Compare the rich gilding, the colored stone insets and the full volumes of fragments probably from the Densatil monastery, see Amy Heller, Tibetan Art: Tracing the Development of Spiritual Ideals and Art in Tibet, 600-2000 A.D., Milan, 1999, pp. 158-159, pls 83-84. Compare also a circa fourteenth century Tibetan gilt copper group depicting Vajradhara and prajna, see Ulrich von Schroeder, Indo-Tibetan Bronzes, Hong Kong, 1981, p. 330, pl. XII and p. 365, fig 98E. For another gilt-bronze figure of Chakrasamvara of comparable quality and stature, see the example in the Capital Museum, Beijing, designated as from Densatil Monastery, illustrated on Himalayan Art Resources, item no. 59818. Compare also the subtle variations in crown design, bone ornaments, stone and glass inlay, beaded pearls on the lotus pedestal, and supine figures underfoot with another gilt-bronze figure of Chakrasamvara and Vajravarahi, dated to the fifteenth century, sold in our New York rooms, 15th March 2015, lot 1029, and now in an important American collection. 

Chakramsavara and Vajravarahi wear the tantric adornments of the six bone ornaments representing the six paramitas or perfections.
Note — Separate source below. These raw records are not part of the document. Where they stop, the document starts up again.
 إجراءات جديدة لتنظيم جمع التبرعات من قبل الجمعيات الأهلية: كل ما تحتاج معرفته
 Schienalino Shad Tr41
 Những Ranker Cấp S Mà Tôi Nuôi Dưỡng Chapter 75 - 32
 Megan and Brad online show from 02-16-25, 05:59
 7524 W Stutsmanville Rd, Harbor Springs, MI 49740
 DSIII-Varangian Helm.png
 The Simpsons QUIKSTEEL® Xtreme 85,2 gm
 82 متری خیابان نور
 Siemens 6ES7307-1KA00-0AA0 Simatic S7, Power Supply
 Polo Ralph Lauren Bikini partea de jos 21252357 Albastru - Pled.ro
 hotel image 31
These textural bone ornaments appear in beaded rows in the present work, and also represent the Five Dhyani Buddhas: (1) the crown of the head, symbolising dhyana or concentration and Buddha Akshobhya; (2) the earrings that symbolise kshanti or patience and the Buddha Amitabha; (3) the necklace that symbolises dana or generosity and Buddha Ratnasambhava; (4) the armlets and anklets that symbolise shila or discipline and the Buddha Vairocana; (5) the girdle and apron that symbolises virya or exertion and Buddha Amoghasiddhi; and (6) the crisscrossed torso ornament that symbolises prajña or wisdom and Buddha Vajradhara. From Chakrasamvara’s neck hangs a garland of fifty-one severed heads strung on a length of human intestine and the hair of a corpse, signifying both the purification of speech and the purification of the fifty-one mental factors according to the Cittamatra or Mind-Only School as described by Asanga.
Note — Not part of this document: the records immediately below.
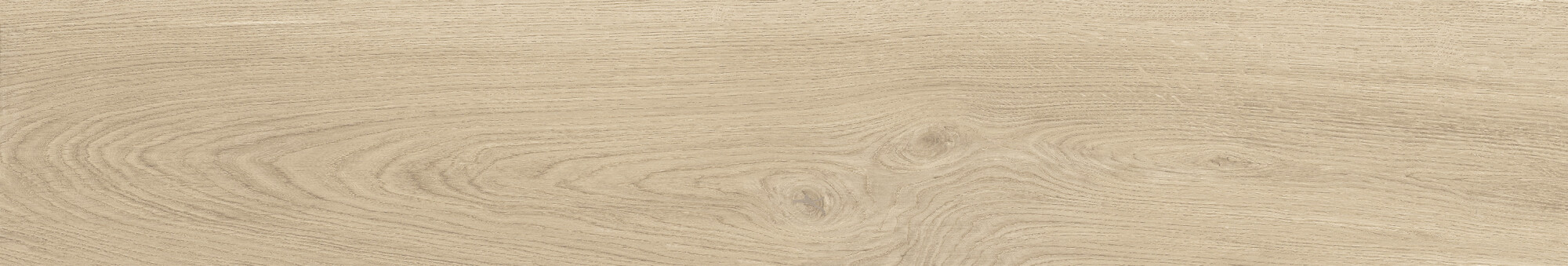 41732 На пол Museum Bloom Dune/24X151X0.9/A/R 24x151 - фото 4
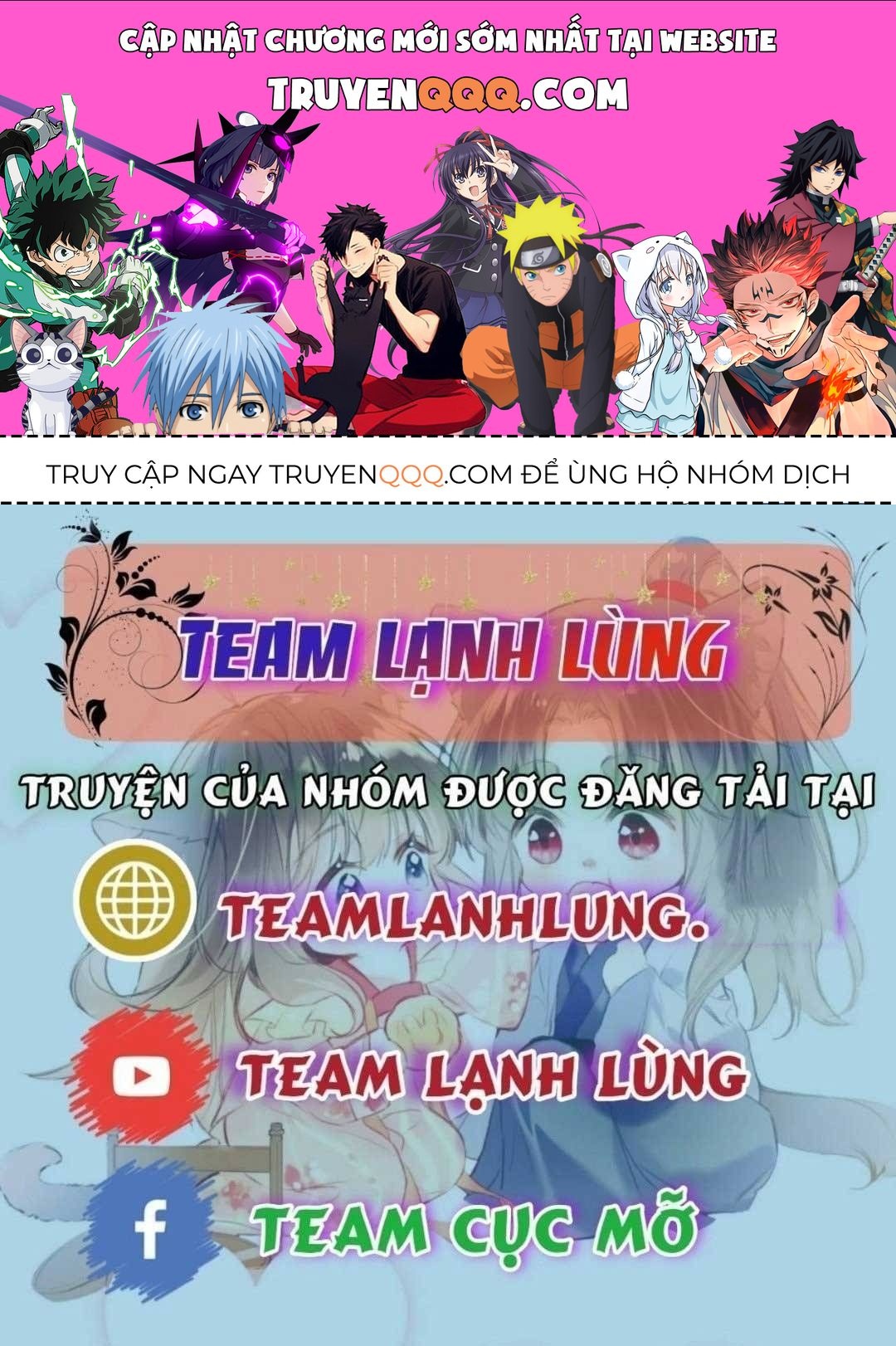 Đúng Là Một Cô Gái Ngoan Chapter 15 - Trang 2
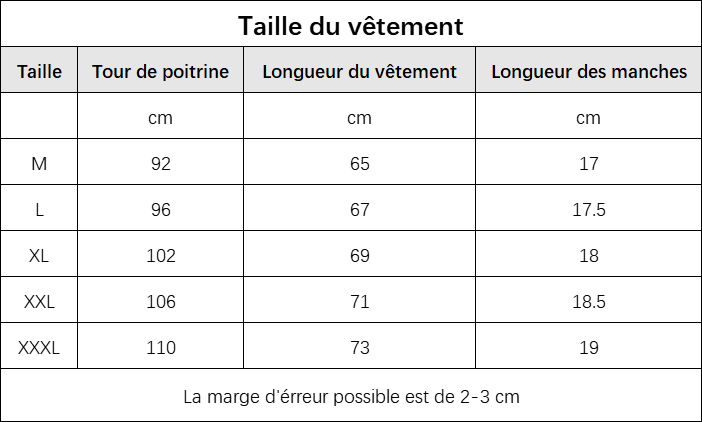 16401414657287.png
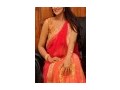 call-girls-in-mayur-vihar-escort-service-9-62-50-7-31-21-small-0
As outlined in Olaf Czaja and Adriana Proser, Golden Visions of Densatil: A Tibetan Buddhist Monastery, New York, 2014, pp. 55-62, the surviving accounts of visitors to the monastery of Densatil, destroyed in the Cultural Revolution, reveal their admiration of the stunning treasures on the towering tashi gomang stupas. Their words resonate through the ages and place the current magnificent sculpture in its original context.

Tsongkhapa (1357-1419), founder of the Gelug school, visited Densatil at the occasion of a stupa being erected to commemorate his tutor Dragpa Jangchub (1356-1386), and proclaimed:

“Being surrounded by statues which are beautiful in all ways
On all tiers of the sides filling all directions,
Which are of sparkling lustre of a clear brilliance”.
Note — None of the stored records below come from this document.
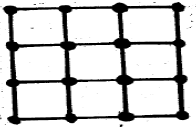 maths set 4 q44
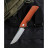 Нож складной Bestech knives BG13C-2 Paladin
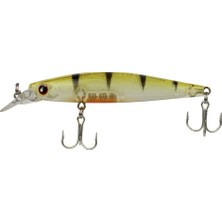 Bg Speed F-Diver 7cm 5,2 gr Cool Shrimp Sahte Balık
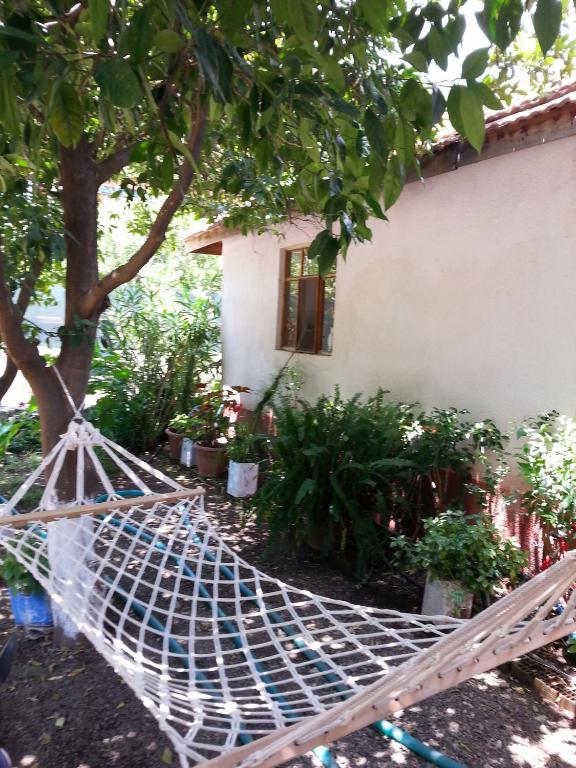 Çıralı Irmak Hotel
Giuseppe Tucci, visiting in 1948, wrote:

“The architectural lines of those buildings were smothered with a wealth of carvings and reliefs that knew no limits. The whole Olympus of Mahayana seemed to have assembled on those monuments. As I cast the light of my torch on the chortens, the several figures sprang into life, glittering with gold outlines and set off by darker hues and deep shadows”.